[Start of Attachment]
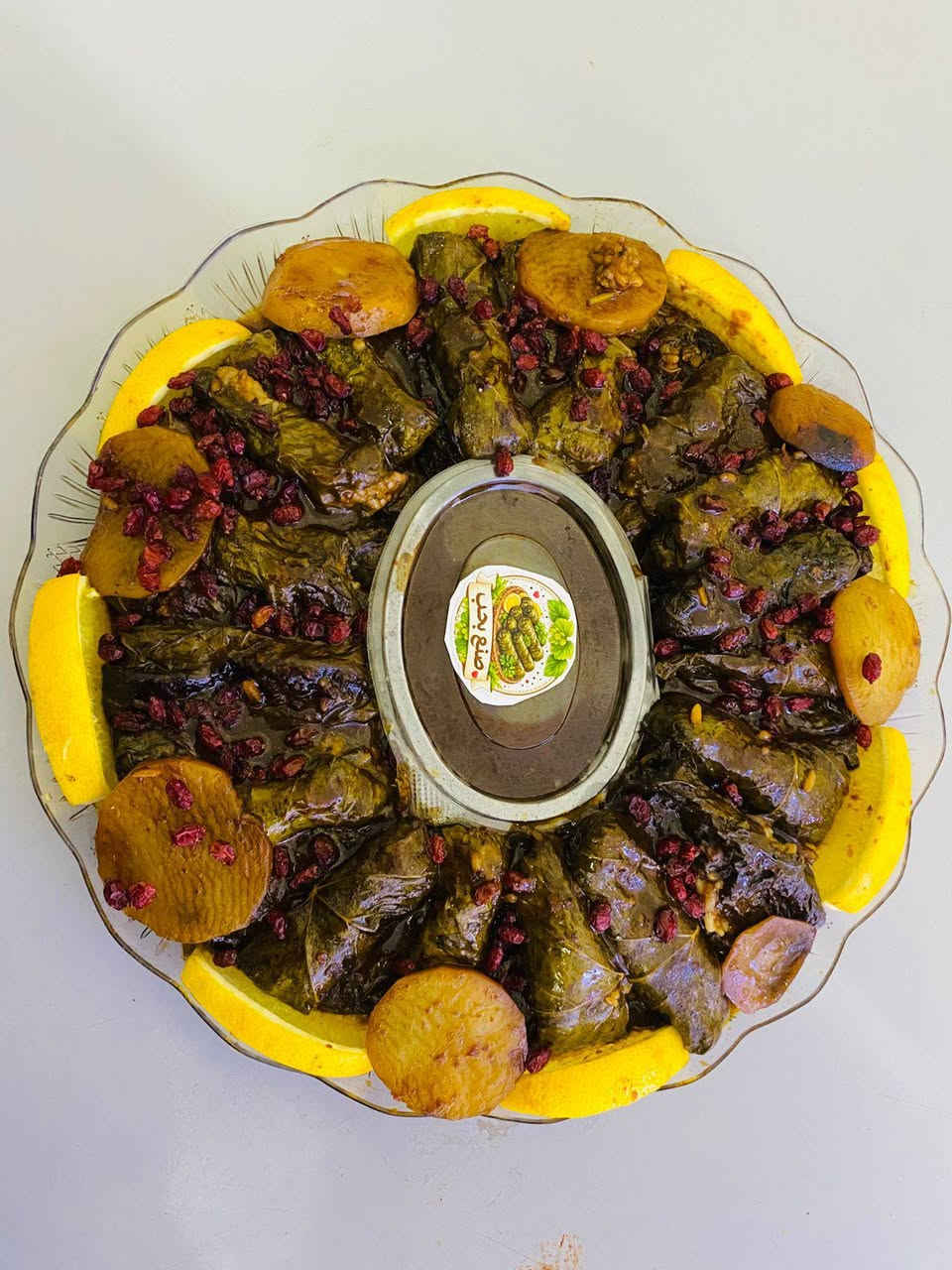 محبين ورق العنب 🥗
ألحجز مفتوح حبايب لباجر 
الي تحب تثبت برقم وعنوان ويوصللها لباب البيت بكل حب 🎶🎗️


**إذا كنت صاحب هذا الإعلان وتريد حذفه لأي سبب، رجاءا أرسل رسالة إلى الدعم الفني**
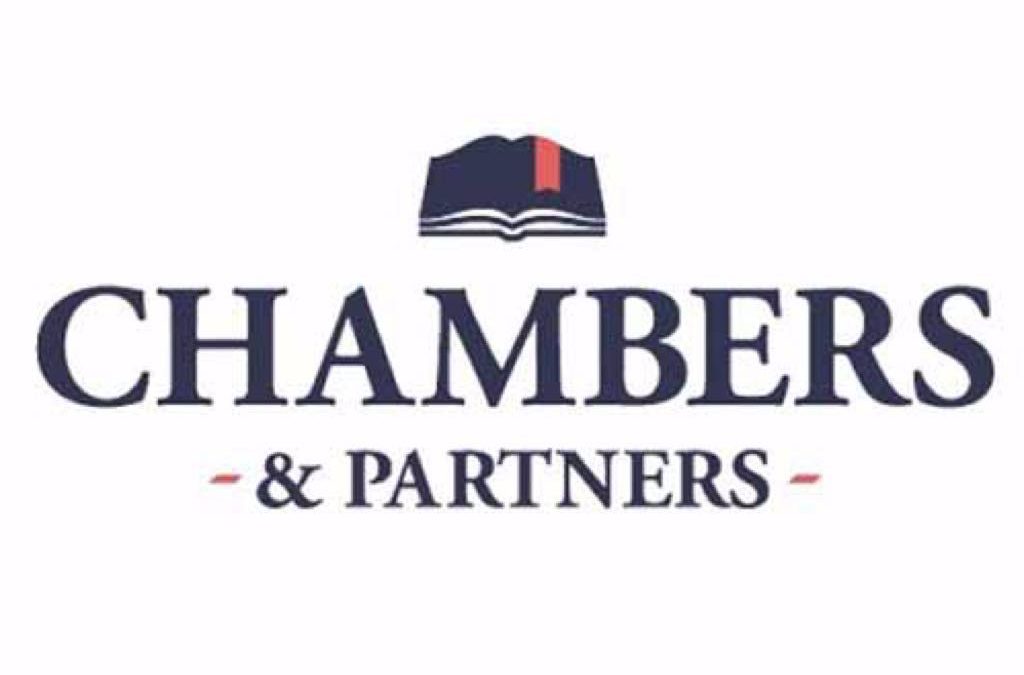 R&P Leading Law Firm in Chambers Asia-Pacific 2019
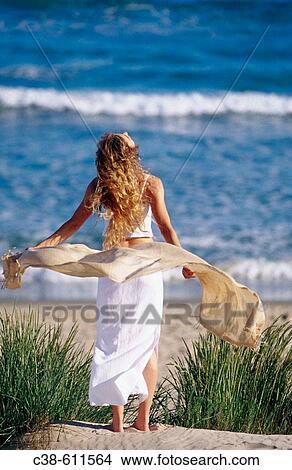 Woman View Large Photo Image Picture - Woman. Fotosearch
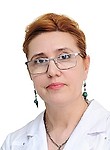 Кошутина Татьяна
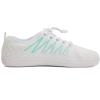 imageWateLves Wide Water Shoes Mens Womens BeachSwimAquaBarefoot Shoes Breathable ampamp NonSlip ampamp Optimal Relaxation Walking SneakersWhite Green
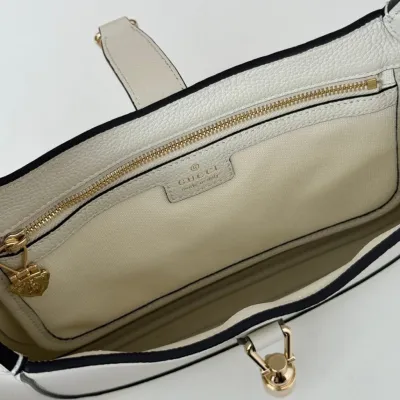 Gucci Jackie 1961 Small Shoulder Bag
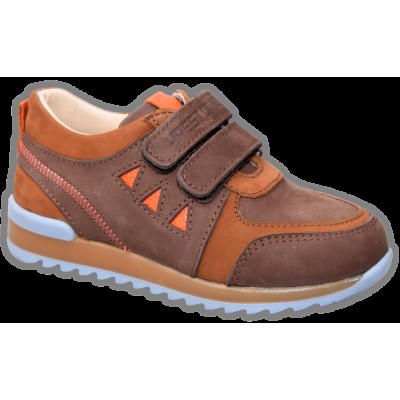 Кросівки ортопедичні  для хлопчика 06-616 р.21-30 17x24 см - розмір 21 Кросівки ортопедичні  для хлопчика 06-616 р.21-30 17x24 см - розмір 21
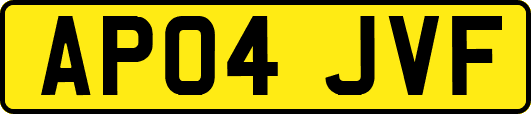 AP04JVF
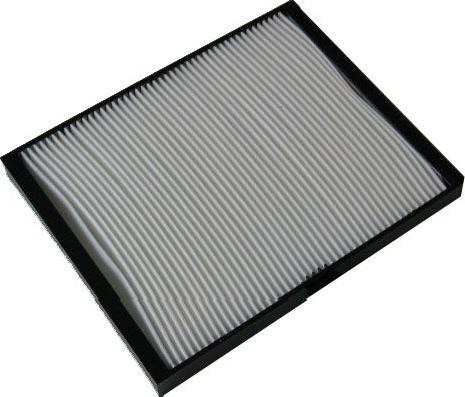 AMC Filter HC-8207 - Filtrs, Salona telpas gaiss www.autospares.lv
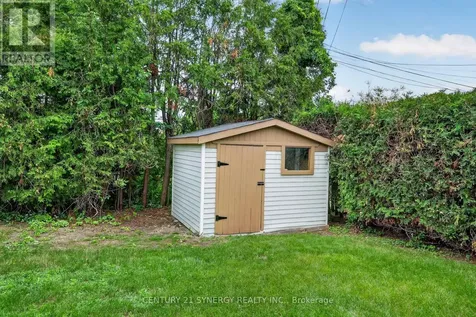 20 Sherry Lane Ottawa ON K2G 3L6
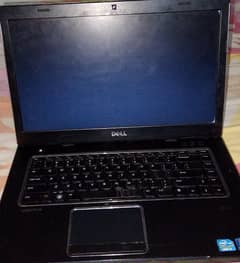 Dell Core i5 Second Generation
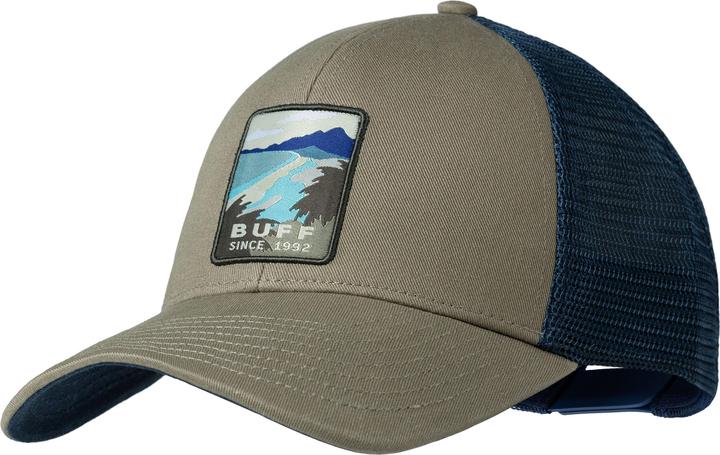Image du produit Buff Explore Trucker Cap (Taille unique)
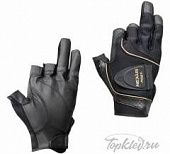 Перчатки Shimano Nexus GL-183M с магнитом XL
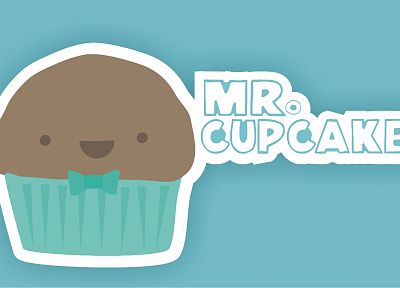 cupcakes - desktop wallpaper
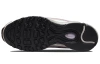 Nike Air Max 97 Vintage Дышащие Низкие Повседневные Беговые Кроссовки Женские Грязно-Розовые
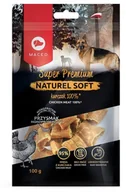 Przysmaki dla psów - MACED SMAKO MACED SUPER PREMIUM KURCZAK NATUREL SOFT - miniaturka - grafika 1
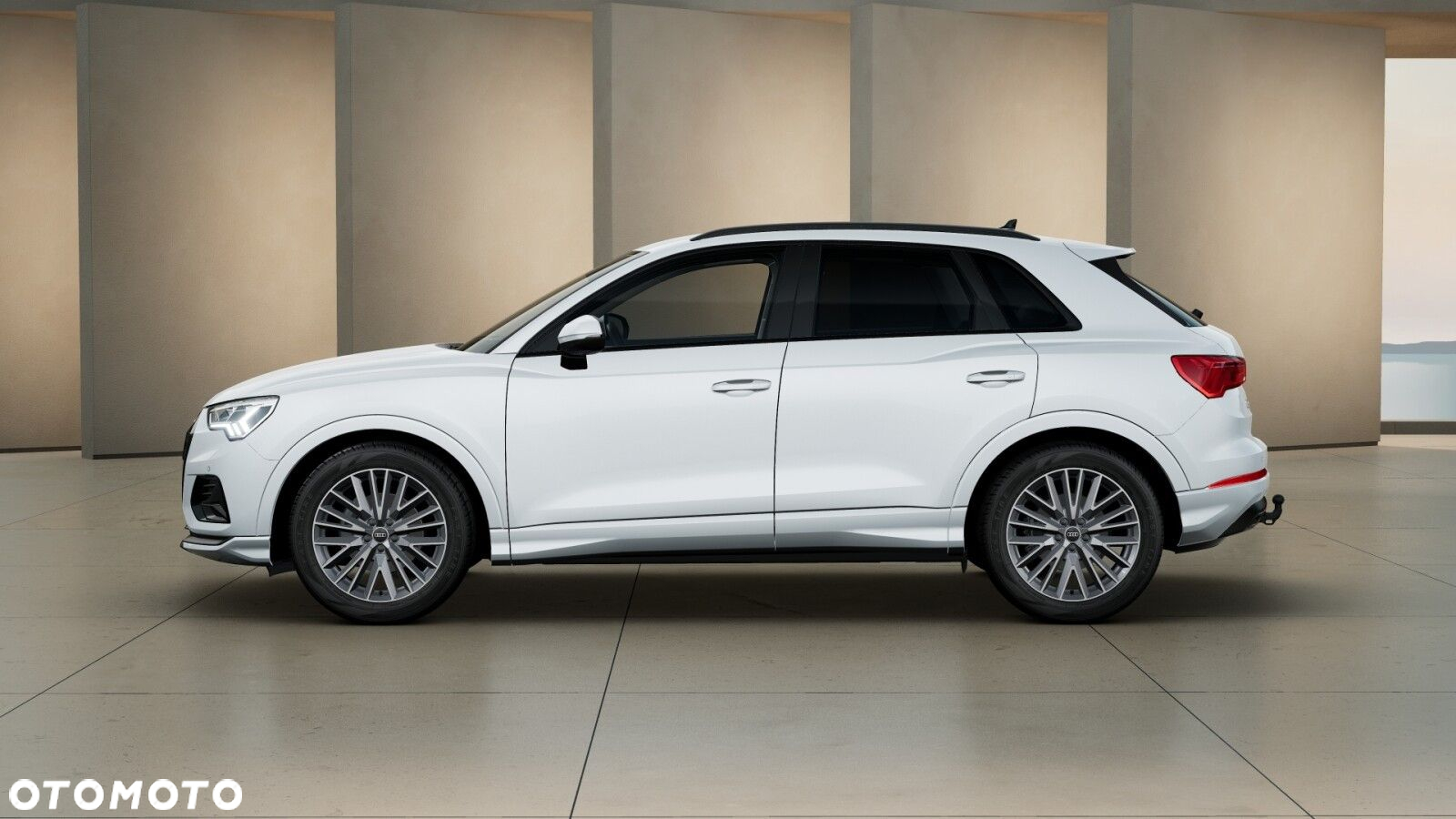 Audi Q3 - 9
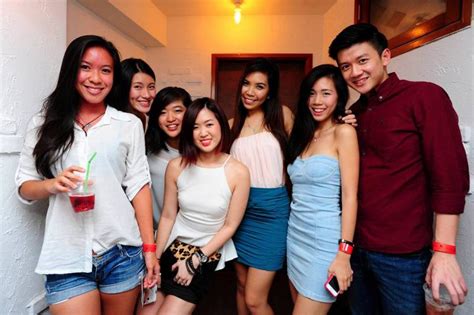 Bar Naked Launch Party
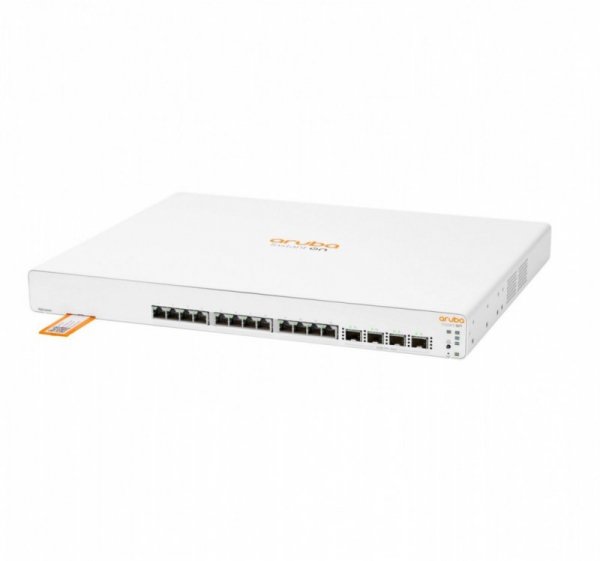 Hewlett Packard Enterprise Przełącznik ARUBA Ion 1960 12XT 4XT Switch JL805A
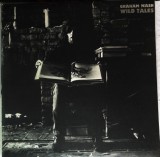 VINIL Graham Nash &lrm;&ndash; Wild Tales (-VG)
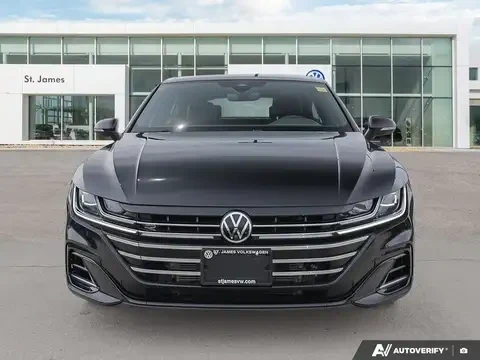 VW Arteon CARFAX, снимка 2 - Автомобили и джипове - 55052565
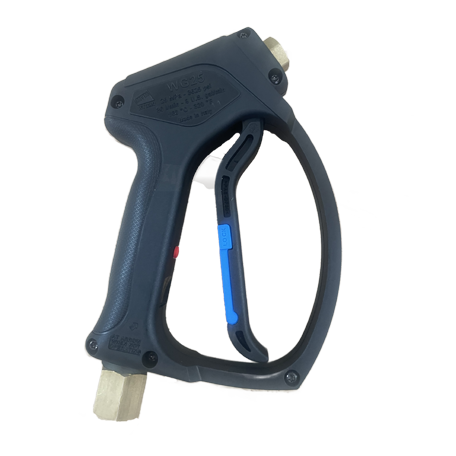 Pistolet HP Raccord Tournant a fuite hors gel mtn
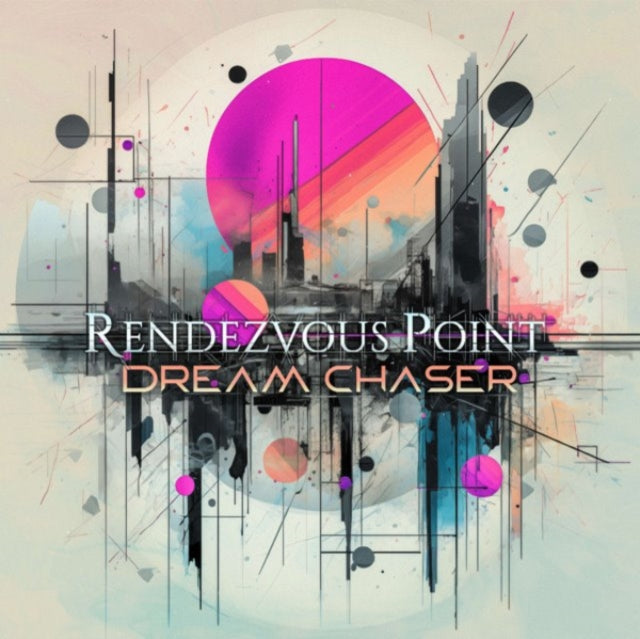 Dream chaser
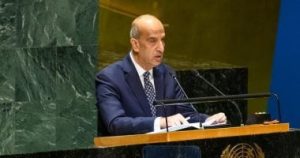 مصر تعلن رفضها لمقترح نقل الفلسطينيين إلى “المدينة الإنسانية” – اليوم السابع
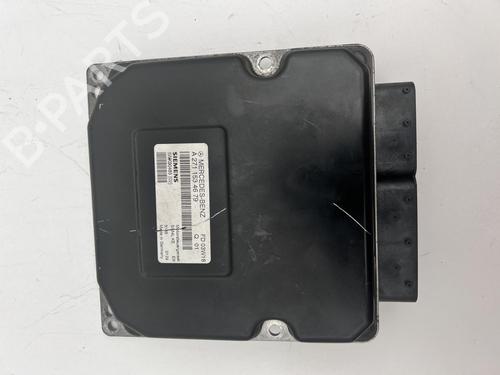 Used Engine control unit (ECU) Engine control unit (ECU) MERCEDES-BENZ C-CLASS T-Model (S203) C 200 Kompressor (203.242) (163 hp) 39669785 39669785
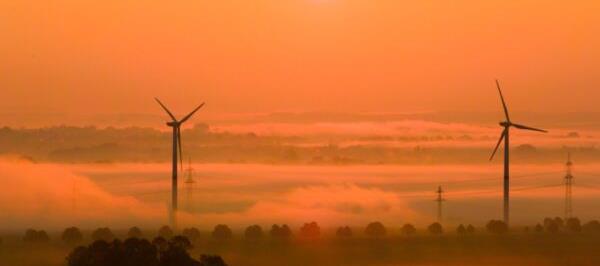 Bild: Deutsche Unternehmen investieren weniger in Klimaschutz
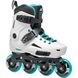 Роликовые коньки Rollerblade Lightning W white-aqua 270 1 из 3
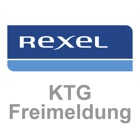 Rexel-KTG-Freimeldung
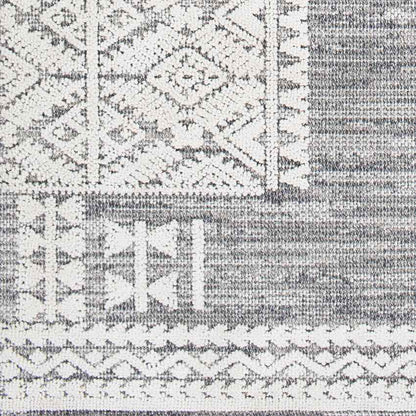 Rochester Global Medium Gray Area Rug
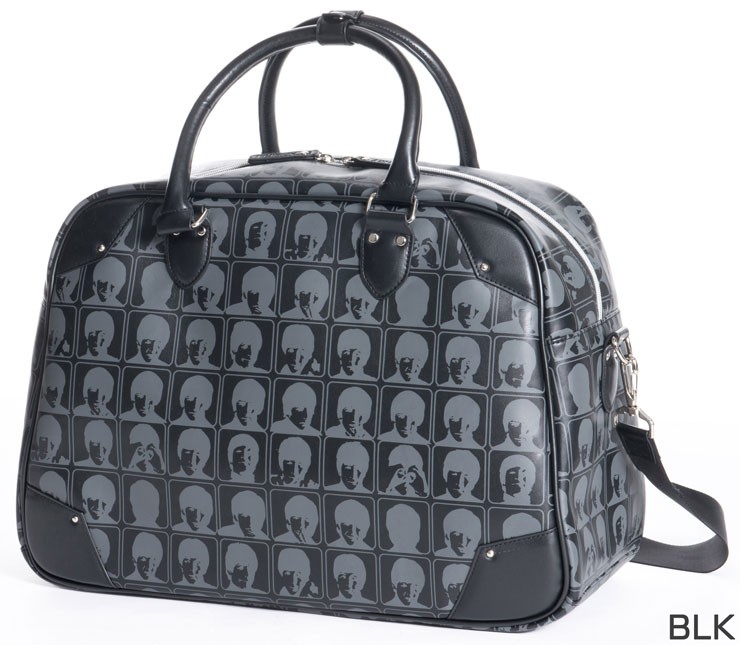 Admiral Golf アドミラル ゴルフ THE BEATLES コラボモデル 数量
[End of Attachment]
__Your instructions__: Output exactly the lines of the listing above that start with the one holding "Woman View Large" and go on through the one holding "AMC Filter HC-8207"; leave the pictures out.

__Task result__:
 Woman View Large Photo Image Picture - Woman. Fotosearch
 Кошутина Татьяна
 imageWateLves Wide Water Shoes Mens Womens BeachSwimAquaBarefoot Shoes Breathable ampamp NonSlip ampamp Optimal Relaxation Walking SneakersWhite Green
 Gucci Jackie 1961 Small Shoulder Bag
 Кросівки ортопедичні  для хлопчика 06-616 р.21-30 17x24 см - розмір 21 Кросівки ортопедичні  для хлопчика 06-616 р.21-30 17x24 см - розмір 21
 AP04JVF
 AMC Filter HC-8207 - Filtrs, Salona telpas gaiss www.autospares.lv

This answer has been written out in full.